CMBD: a manually curated cancer metabolic biomarker knowledge database

Jing Chen; Xingyun Liu; Li Shen; Yuxin Lin; Bairong Shen

doi:10.1093/database/baaa094

. 2021 Mar 9;2021:baaa094. doi: 10.1093/database/baaa094

CMBD: a manually curated cancer metabolic biomarker knowledge database

Jing Chen ^1,², Xingyun Liu ³, Li Shen ⁴, Yuxin Lin ⁵, Bairong Shen ^6,^*

PMCID: PMC7947571 PMID: 33693668

Abstract

The pathogenesis of cancer is influenced by interactions among genes, proteins, metabolites and other small molecules. Understanding cancer progression at the metabolic level is propitious to the visual decoding of changes in living organisms. To date, a large number of metabolic biomarkers in cancer have been measured and reported, which provide an alternative method for cancer precision diagnosis, treatment and prognosis.
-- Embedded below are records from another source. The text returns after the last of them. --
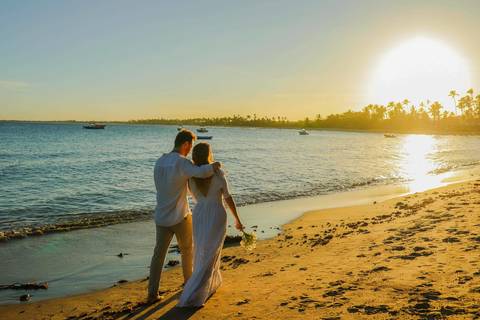 O que fazer em Praia do Forte Bahia, Fotógrafo em PRAIA DO FORTE BAHIA, WALDYR LANTYER Noivos caminhando na areia da Praia do Forte durante o pôr do sol, celebrando um casamento intimista na praia na Bahia.'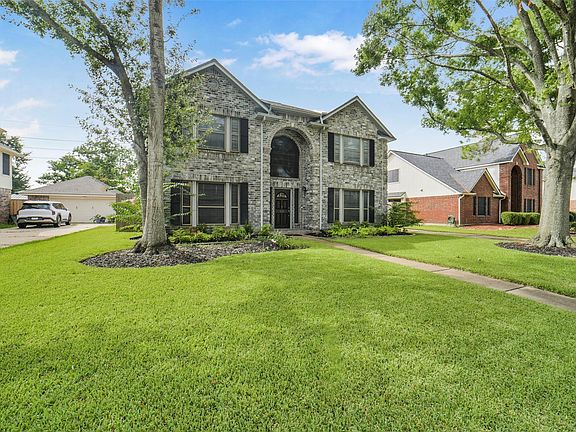 2nd image of 126 Shadow Wood Dr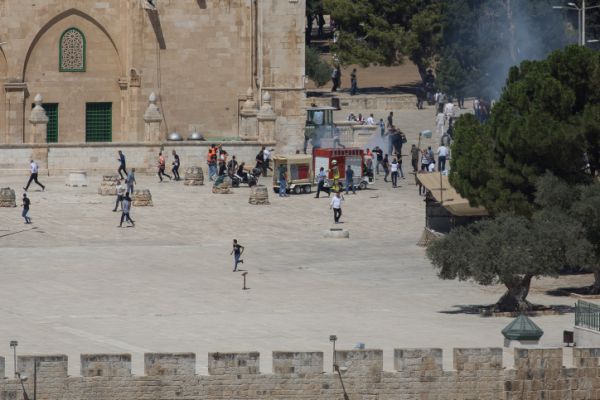 בהנחיית חמאס: התפרעויות והפרות סדר בהר הבית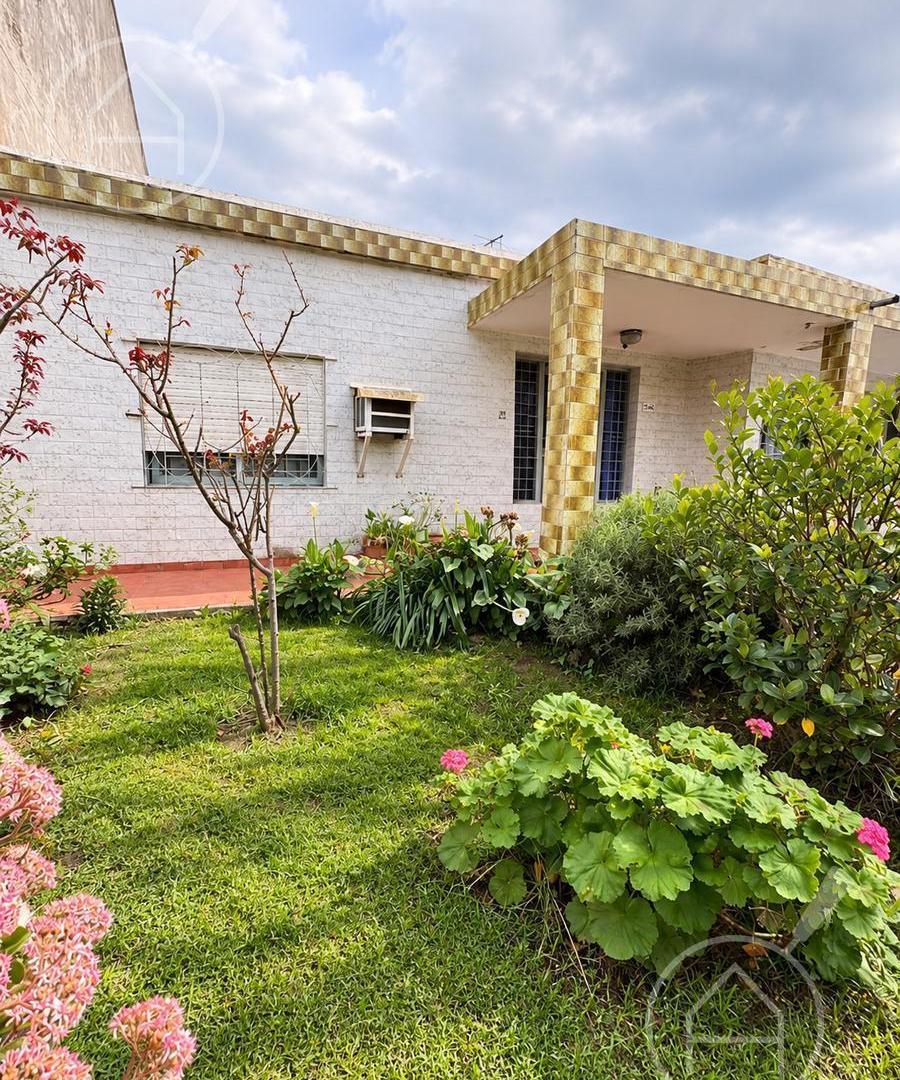 Foto de Venta Casa 4 Ambientes Lomas de Zamora, imagen 2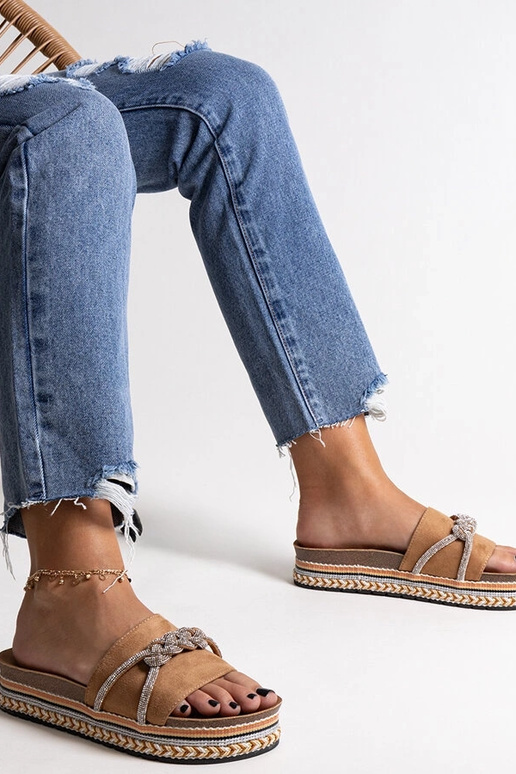 Infradito marroni decorate con...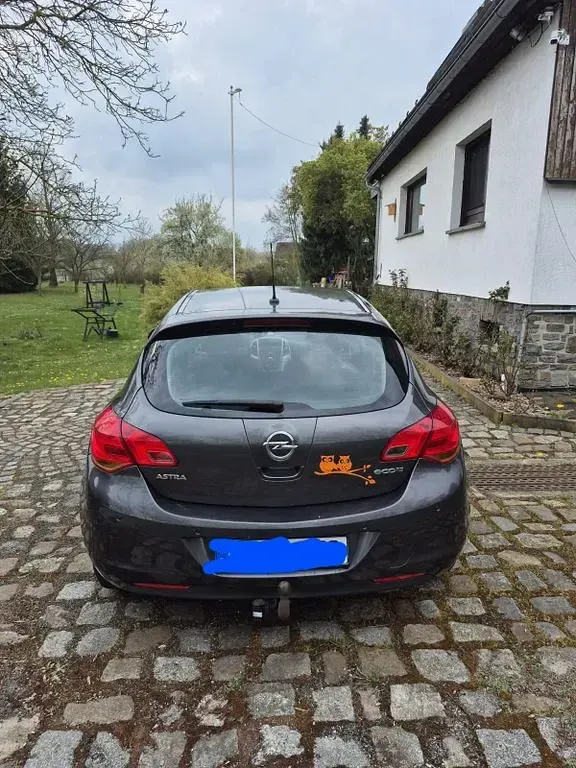 Gebraucht Opel Astra Edition 87 PS (63 kW) 2010 Limousine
To systematically understand the heterogeneity of cancers, we developed the database CMBD to integrate the cancer metabolic biomarkers scattered over literatures in PubMed. At present, CMBD contains 438 manually curated relationships between 282 biomarkers and 76 cancer subtypes of 18 tissues reported in 248 literatures. Users can access the comprehensive metabolic biomarker information about cancers, references, clinical samples and their relationships from our online database. As case studies, pathway analysis was performed on the metabolic biomarkers of breast and prostate cancers, respectively. ‘Phenylalanine, tyrosine and tryptophan biosynthesis’, ‘phenylalanine metabolism’ and ‘primary bile acid biosynthesis’ were identified as playing key roles in breast cancer. ‘Glyoxylate and dicarboxylate metabolism’, ‘citrate cycle (TCA cycle)’, and ‘alanine, aspartate and glutamate metabolism’ have important functions in prostate cancer. These findings provide us with an understanding of the metabolic pathway of cancer initiation and progression.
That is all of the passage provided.